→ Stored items
--- START ---
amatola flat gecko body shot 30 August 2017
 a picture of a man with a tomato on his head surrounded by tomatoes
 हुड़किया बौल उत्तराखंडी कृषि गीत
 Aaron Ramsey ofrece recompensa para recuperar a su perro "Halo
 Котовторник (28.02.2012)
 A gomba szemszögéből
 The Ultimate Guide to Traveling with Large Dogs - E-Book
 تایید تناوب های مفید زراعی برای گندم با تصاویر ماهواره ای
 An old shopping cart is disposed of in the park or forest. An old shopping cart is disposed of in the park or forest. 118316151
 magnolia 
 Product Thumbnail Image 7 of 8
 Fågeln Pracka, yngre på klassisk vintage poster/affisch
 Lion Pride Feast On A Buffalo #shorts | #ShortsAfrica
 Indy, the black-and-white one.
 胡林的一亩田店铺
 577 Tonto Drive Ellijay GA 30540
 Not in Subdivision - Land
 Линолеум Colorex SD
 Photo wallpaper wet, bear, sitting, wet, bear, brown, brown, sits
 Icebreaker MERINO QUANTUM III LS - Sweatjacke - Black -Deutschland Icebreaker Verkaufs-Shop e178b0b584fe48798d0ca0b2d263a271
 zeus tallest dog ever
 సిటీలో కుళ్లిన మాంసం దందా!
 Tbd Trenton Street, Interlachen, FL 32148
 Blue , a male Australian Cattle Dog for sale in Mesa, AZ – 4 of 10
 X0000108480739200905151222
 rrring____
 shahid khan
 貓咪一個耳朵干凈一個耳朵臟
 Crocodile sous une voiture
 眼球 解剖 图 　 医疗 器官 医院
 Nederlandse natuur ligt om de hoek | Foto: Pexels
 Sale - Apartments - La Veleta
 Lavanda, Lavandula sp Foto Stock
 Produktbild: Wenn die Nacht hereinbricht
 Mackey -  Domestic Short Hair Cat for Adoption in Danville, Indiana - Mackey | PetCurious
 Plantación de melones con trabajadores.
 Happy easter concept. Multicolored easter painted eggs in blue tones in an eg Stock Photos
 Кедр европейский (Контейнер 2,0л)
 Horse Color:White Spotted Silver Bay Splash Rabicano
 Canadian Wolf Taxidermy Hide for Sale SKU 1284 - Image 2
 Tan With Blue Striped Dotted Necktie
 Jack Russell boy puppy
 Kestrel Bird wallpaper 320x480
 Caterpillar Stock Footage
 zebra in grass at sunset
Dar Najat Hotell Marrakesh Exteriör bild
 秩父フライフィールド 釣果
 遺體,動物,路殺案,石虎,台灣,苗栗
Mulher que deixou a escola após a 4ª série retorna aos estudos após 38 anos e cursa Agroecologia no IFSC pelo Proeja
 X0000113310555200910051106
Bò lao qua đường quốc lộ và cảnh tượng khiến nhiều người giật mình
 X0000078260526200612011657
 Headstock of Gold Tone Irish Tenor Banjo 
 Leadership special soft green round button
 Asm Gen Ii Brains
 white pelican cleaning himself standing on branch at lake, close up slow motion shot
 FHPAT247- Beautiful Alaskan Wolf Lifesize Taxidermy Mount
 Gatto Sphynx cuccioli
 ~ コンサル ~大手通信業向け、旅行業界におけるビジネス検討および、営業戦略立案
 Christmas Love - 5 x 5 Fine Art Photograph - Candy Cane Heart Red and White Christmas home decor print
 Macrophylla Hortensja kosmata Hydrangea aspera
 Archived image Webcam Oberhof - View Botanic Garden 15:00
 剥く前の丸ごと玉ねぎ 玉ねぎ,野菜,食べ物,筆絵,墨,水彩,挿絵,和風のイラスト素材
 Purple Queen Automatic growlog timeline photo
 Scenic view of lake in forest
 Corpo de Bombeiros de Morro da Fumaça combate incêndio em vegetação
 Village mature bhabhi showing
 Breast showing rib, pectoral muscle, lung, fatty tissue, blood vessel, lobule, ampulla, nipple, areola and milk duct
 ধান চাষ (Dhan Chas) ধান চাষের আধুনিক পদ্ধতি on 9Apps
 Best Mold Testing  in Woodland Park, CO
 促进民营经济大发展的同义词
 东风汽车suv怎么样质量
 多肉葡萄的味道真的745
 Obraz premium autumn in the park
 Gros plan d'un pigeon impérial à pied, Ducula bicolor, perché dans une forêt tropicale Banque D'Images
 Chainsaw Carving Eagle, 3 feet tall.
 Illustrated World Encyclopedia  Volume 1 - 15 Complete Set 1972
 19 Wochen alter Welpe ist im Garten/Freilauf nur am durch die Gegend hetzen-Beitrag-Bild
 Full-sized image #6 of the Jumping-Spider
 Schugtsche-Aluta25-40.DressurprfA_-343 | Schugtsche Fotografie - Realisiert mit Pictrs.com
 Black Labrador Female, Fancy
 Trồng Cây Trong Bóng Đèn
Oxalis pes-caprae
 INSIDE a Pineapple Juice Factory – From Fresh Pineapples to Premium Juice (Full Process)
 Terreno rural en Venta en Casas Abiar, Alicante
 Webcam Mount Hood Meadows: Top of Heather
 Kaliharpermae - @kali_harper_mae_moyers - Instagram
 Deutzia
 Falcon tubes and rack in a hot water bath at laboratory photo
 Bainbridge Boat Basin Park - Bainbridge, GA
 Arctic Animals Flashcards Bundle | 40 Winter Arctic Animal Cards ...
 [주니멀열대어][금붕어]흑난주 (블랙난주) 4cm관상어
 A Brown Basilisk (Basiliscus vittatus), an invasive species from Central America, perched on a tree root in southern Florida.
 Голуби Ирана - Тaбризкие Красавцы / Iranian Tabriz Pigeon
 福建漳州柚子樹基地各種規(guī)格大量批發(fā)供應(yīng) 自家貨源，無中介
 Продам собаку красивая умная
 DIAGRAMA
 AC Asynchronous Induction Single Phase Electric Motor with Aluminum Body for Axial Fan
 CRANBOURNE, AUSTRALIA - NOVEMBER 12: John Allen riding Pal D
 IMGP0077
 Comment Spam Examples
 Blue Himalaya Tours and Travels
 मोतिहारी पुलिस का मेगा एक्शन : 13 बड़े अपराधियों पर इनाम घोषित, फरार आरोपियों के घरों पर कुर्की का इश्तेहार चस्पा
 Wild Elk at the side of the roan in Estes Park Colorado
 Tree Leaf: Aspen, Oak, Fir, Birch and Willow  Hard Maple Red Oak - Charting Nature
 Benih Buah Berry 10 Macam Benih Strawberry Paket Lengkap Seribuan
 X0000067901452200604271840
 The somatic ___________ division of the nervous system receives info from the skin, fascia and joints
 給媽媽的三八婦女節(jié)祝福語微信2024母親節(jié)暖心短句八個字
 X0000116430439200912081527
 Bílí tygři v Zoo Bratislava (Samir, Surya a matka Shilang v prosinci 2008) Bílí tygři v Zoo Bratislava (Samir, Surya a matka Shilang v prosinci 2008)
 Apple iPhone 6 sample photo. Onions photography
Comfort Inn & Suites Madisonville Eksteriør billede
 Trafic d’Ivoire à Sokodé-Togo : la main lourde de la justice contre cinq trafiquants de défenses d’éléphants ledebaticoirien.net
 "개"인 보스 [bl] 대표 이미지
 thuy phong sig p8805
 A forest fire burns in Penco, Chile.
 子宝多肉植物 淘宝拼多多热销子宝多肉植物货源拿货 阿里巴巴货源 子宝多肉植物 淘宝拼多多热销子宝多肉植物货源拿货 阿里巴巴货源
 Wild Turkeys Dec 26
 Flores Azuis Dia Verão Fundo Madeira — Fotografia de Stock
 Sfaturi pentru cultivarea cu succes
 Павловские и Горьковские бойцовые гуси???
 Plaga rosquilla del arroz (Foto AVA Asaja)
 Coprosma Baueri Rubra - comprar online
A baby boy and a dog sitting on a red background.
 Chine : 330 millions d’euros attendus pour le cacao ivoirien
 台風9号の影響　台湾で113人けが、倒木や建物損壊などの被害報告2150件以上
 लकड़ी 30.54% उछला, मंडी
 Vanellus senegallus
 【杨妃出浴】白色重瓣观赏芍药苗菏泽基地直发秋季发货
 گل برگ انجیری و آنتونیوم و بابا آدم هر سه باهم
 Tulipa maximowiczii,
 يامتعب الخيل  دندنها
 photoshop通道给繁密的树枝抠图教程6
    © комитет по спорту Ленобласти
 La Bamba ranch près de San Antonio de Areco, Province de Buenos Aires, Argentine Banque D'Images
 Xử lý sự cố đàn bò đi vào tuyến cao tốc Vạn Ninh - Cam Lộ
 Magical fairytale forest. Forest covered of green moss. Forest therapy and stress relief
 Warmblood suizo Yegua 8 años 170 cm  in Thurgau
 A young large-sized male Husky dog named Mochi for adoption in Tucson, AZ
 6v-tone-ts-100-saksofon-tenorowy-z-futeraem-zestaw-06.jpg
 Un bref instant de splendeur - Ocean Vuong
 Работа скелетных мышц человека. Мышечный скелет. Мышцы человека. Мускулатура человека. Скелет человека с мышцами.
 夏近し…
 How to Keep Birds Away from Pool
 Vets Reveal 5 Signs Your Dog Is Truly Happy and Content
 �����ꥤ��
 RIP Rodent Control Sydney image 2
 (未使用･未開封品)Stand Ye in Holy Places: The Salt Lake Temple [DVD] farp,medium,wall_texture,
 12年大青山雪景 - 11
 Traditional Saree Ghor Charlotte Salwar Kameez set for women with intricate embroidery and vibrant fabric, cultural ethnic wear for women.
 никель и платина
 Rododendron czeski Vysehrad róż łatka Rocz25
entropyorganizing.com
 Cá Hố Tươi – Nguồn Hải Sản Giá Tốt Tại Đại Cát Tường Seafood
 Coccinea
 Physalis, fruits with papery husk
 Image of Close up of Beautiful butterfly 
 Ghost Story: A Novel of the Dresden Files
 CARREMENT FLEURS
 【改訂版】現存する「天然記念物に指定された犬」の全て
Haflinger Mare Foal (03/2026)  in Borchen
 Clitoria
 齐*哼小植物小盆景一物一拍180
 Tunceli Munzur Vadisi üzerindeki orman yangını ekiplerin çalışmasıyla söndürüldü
--- END ---
→ Task to complete
Look above for the line with "X0000116430439200912081527" and the line with "La Bamba ranch"; transcribe both and all lines in between, exactly, and nothing else.

→ Reply to the exercise
 X0000116430439200912081527
 Bílí tygři v Zoo Bratislava (Samir, Surya a matka Shilang v prosinci 2008) Bílí tygři v Zoo Bratislava (Samir, Surya a matka Shilang v prosinci 2008)
 Apple iPhone 6 sample photo. Onions photography
Comfort Inn & Suites Madisonville Eksteriør billede
 Trafic d’Ivoire à Sokodé-Togo : la main lourde de la justice contre cinq trafiquants de défenses d’éléphants ledebaticoirien.net
 "개"인 보스 [bl] 대표 이미지
 thuy phong sig p8805
 A forest fire burns in Penco, Chile.
 子宝多肉植物 淘宝拼多多热销子宝多肉植物货源拿货 阿里巴巴货源 子宝多肉植物 淘宝拼多多热销子宝多肉植物货源拿货 阿里巴巴货源
 Wild Turkeys Dec 26
 Flores Azuis Dia Verão Fundo Madeira — Fotografia de Stock
 Sfaturi pentru cultivarea cu succes
 Павловские и Горьковские бойцовые гуси???
 Plaga rosquilla del arroz (Foto AVA Asaja)
 Coprosma Baueri Rubra - comprar online
A baby boy and a dog sitting on a red background.
 Chine : 330 millions d’euros attendus pour le cacao ivoirien
 台風9号の影響　台湾で113人けが、倒木や建物損壊などの被害報告2150件以上
 लकड़ी 30.54% उछला, मंडी
 Vanellus senegallus
 【杨妃出浴】白色重瓣观赏芍药苗菏泽基地直发秋季发货
 گل برگ انجیری و آنتونیوم و بابا آدم هر سه باهم
 Tulipa maximowiczii,
 يامتعب الخيل  دندنها
 photoshop通道给繁密的树枝抠图教程6
    © комитет по спорту Ленобласти
 La Bamba ranch près de San Antonio de Areco, Province de Buenos Aires, Argentine Banque D'Images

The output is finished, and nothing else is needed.